Sing through all Jerusalem
Christ is born in Bethlehem!
However simple we like to think the Christmas story, the Christmas gift comes wrapped in theological mystery and complexity. The One who constructs and commands the teeming galaxies is somehow “born for us on earth below”. One poet described this as “Infinity dwindled to infancy.” The loving condescension of God is revealed in the coming of the Christ-child, and it is that gracious self-giving act of God that turns up the volume of a four line refrain requiring three exclamation marks!!!
Saturday
Still the night, holy the night!
Son of God, O how bright!
Love is smiling from thy face!
Strikes for us now the hour of grace
Saviour since Thou art born.
That middle line could have been written by John the Apostle. “For God so loved the world…” “God is love.” “Here is love, not that we loved God, but that he loved us and sent his Son…” The coming of God amongst us in the incarnation is a mystery made accessible, and a miracle made believable, only because God in grace opens our minds to truth that is beyond us, and prepares our hearts to recognise and welcome God’s presence in Jesus.
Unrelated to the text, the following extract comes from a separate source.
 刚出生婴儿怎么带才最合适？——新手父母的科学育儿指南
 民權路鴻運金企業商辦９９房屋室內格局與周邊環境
Advent is a season for adventurous imagination. Listen, and you will hear distinctly and clearly, filtered through the din of a noisy and clamorous world, the striking of the hour of grace, by the Son of God. Then look, with eyes that see in the bright light of divine revelation, God’s love smiling from the face of Christ.
God of God,
Light of Light,
Lo, He abhors not the Virgin's womb’
Very God,
Begotten, not created.
O come, let us adore Him
Christ the Lord.
Advent is our annual call to hope, when we emphasise expectation and give words to the deep longings of our hearts for peace, and a more positive future. This whole hymn is an invitation to “Come, let us adore Him. Christ the Lord.” Adoration is the true spirit of worship, combining love, gratitude, wonder, awe, and a deep humbling of the heart. This verse explains why, with its insistent “O come…” Huge arguments about how Christ can be divine and human lie behind these words. But it is in words such as these that he Church proclaims its faith. Through prayer and wonder, and inadequate words, adoration is the heart’s welcome to Christ the Lord.